D.: – Riferendomi ancora a Primo sangue e all’esperienza coraggiosa di suo padre che salvò centinaia di vite prese in ostaggio dai ribelli, in Congo, lei ha detto in un’intervista che oggi eroismo è una parola ucraina. Vuole spiegarci?

N.: – Certo, potevamo pensare che oggi l’eroismo non abbia più senso e poi, guardiamo l’Ucraina, un intero anno di eroismo, di coraggio incredibile e non solo per sé stessi ma per noi: se siamo ancora in pace è grazie agli Ucraini

D.: – Un’ultima domanda. Se volessi stabilire le costanti all’interno della sua opera, direi: l’amore, la famiglia, la letteratura, l’umorismo, il buffo…Ne aggiunge altre?
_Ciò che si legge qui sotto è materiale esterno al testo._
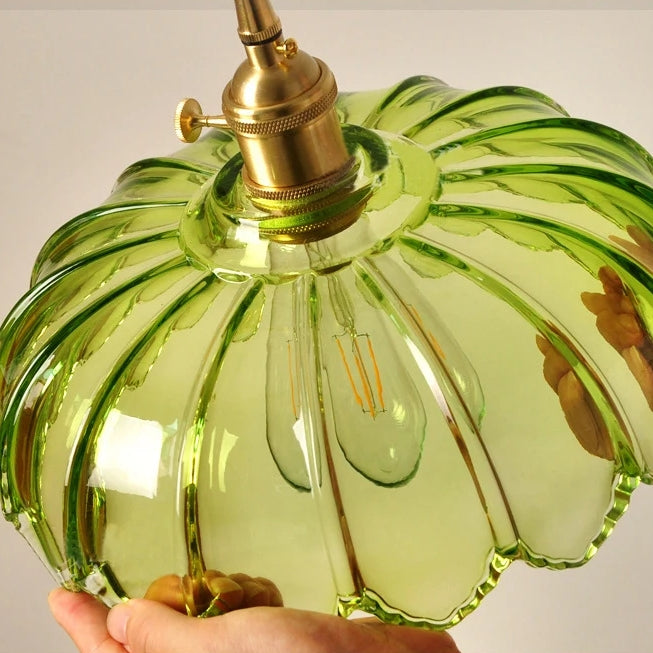 Celeste – Messingfarbener Glas-Kronleuchter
N.:- Ciò che lei dice è senz’altro vero ma penso che potremmo riassumere tutto in tragedia che le include tutte, umorismo compreso perché l’abbiamo talmente identificata con l’orrore che non ci rendiamo conto di quanto humour racchiuda. Quanto alla famiglia, tutte le tragedie sono familiari. Il semplice fatto di appartenere ad una famiglia è di per sé una tragedia.